Task statement: An exact copy of the entries is required, excluding any pictures.

Exercise materials:

################

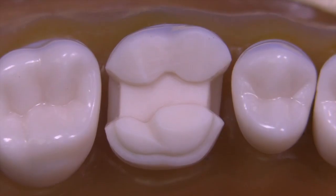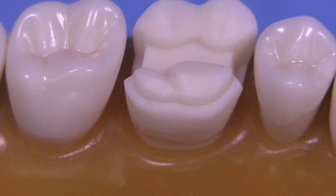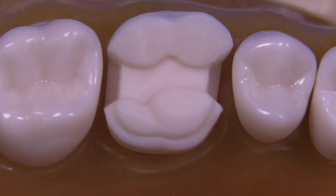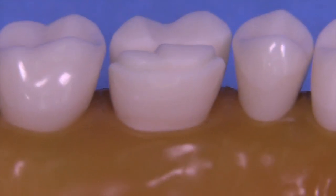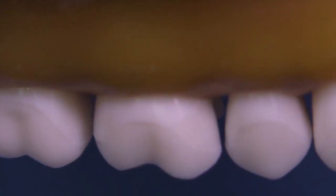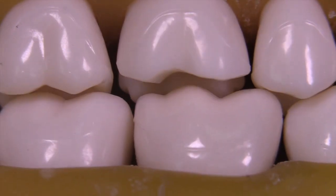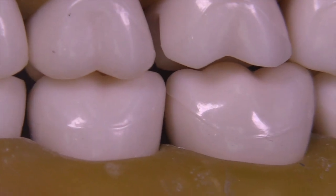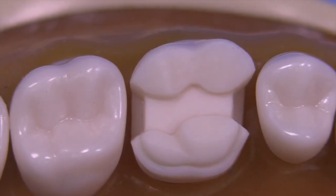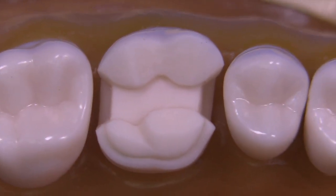At this point the preparation is complete. We're looking at a final MOD onlay preparation for gold on tooth number three — this is the Kilgore typodont. I hope this video was somewhat helpful for those of you attempting this quite difficult preparation for gold. I think it's well worth it if you give it a try. Thank you for watching and stay tuned for more videos.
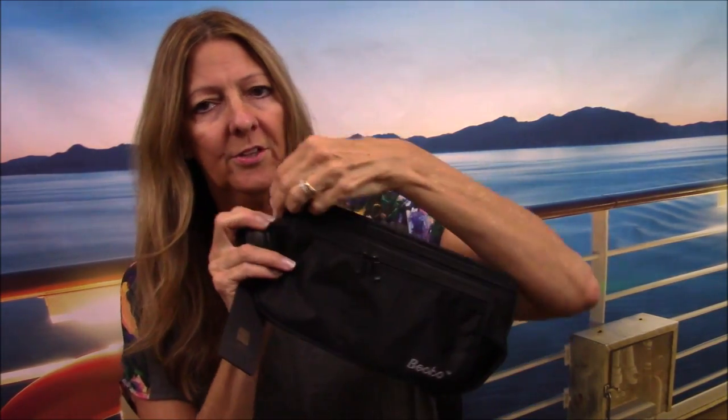I'm going to open this up and show you some of the pockets inside. There is a large zipper right on top here, and inside it is just a very large area. It also has three little pockets up here. This is a really good area to keep your passport, maybe some airline tickets, boarding pass for the cruise ship, your ID, any kind of credit cards, money, sunglasses, even a cell phone — all those things will fit in this area.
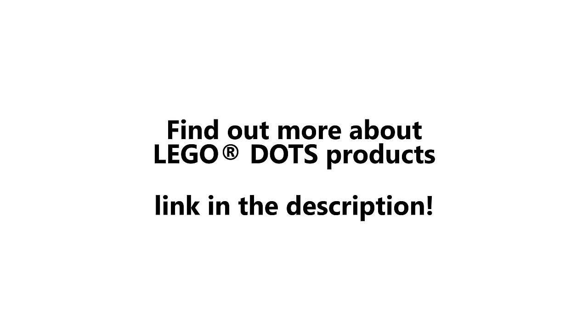Parents, to find out more about LEGO Dots products, click the link in the description. This was an ad for the LEGO Group.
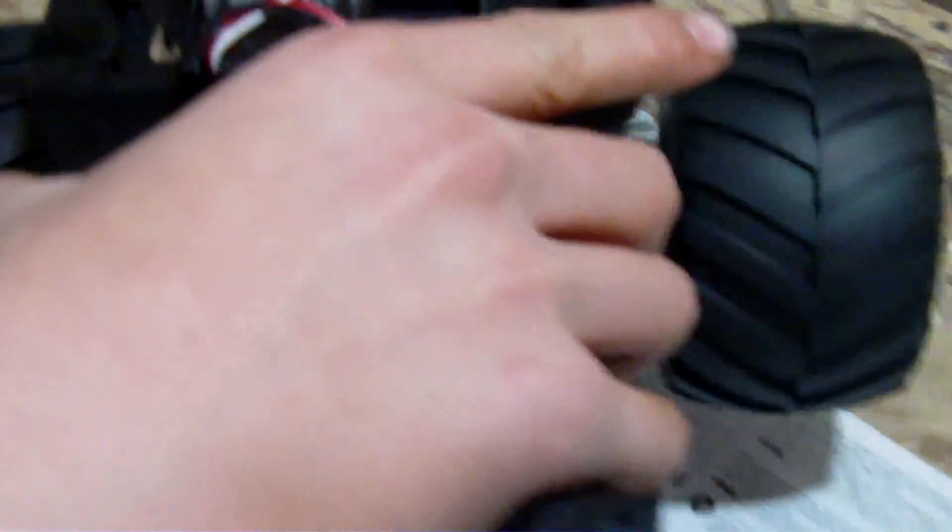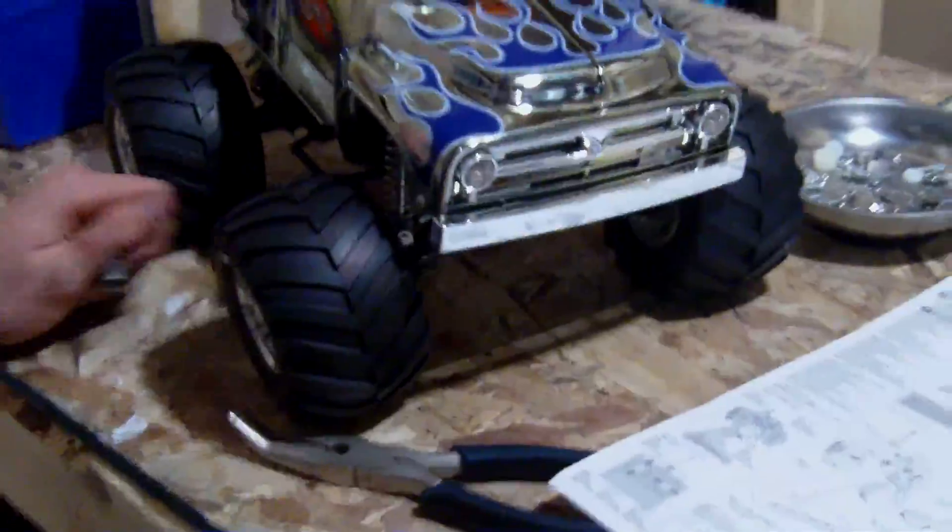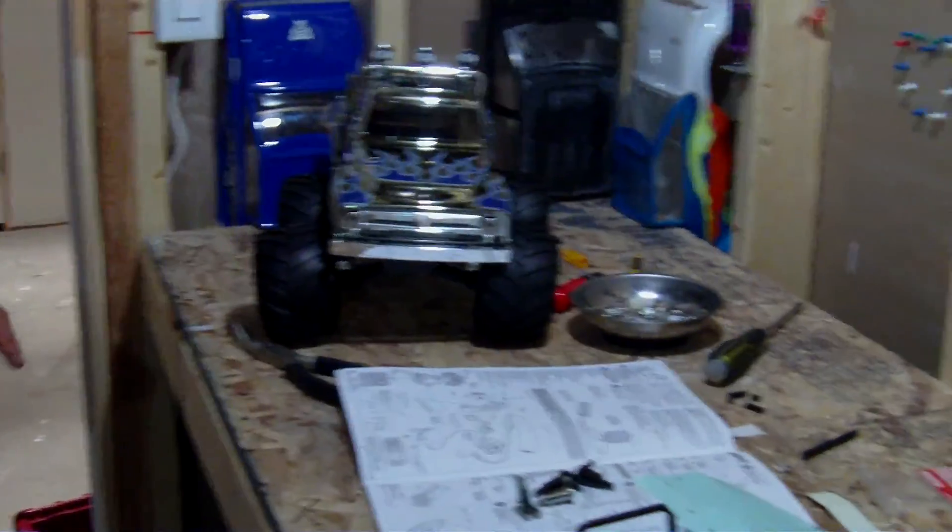We're just going to throw on an ESC and receiver. The ESC is already on there. The servo's in here, but we do have to finish some stuff because, as you can see, it's kind of sketchy. But that is going to look pretty cool. Joth just got this kit because it'd be something fun and easy to build.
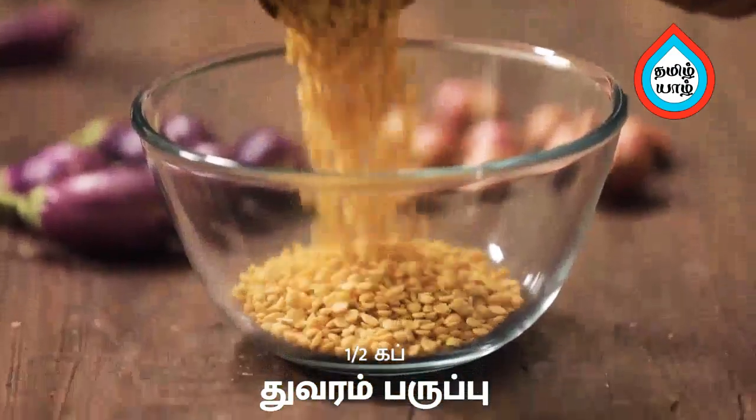This is a sambar. First, let's make the sambar in the pan.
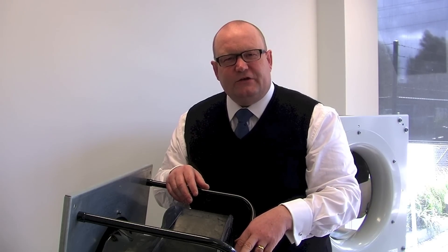Our Radical impeller is typically used for lower pressure drops, up to 750–800 Pascals, and therefore is typically used in air conditioning units, but also in ventilation products as well.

################

Answer space:
At this point the preparation is complete. We're looking at a final MOD onlay preparation for gold on tooth number three — this is the Kilgore typodont. I hope this video was somewhat helpful for those of you attempting this quite difficult preparation for gold. I think it's well worth it if you give it a try. Thank you for watching and stay tuned for more videos.
I'm going to open this up and show you some of the pockets inside. There is a large zipper right on top here, and inside it is just a very large area. It also has three little pockets up here. This is a really good area to keep your passport, maybe some airline tickets, boarding pass for the cruise ship, your ID, any kind of credit cards, money, sunglasses, even a cell phone — all those things will fit in this area.
Parents, to find out more about LEGO Dots products, click the link in the description. This was an ad for the LEGO Group.
We're just going to throw on an ESC and receiver. The ESC is already on there. The servo's in here, but we do have to finish some stuff because, as you can see, it's kind of sketchy. But that is going to look pretty cool. Joth just got this kit because it'd be something fun and easy to build.
This is a sambar. First, let's make the sambar in the pan.
Our Radical impeller is typically used for lower pressure drops, up to 750–800 Pascals, and therefore is typically used in air conditioning units, but also in ventilation products as well.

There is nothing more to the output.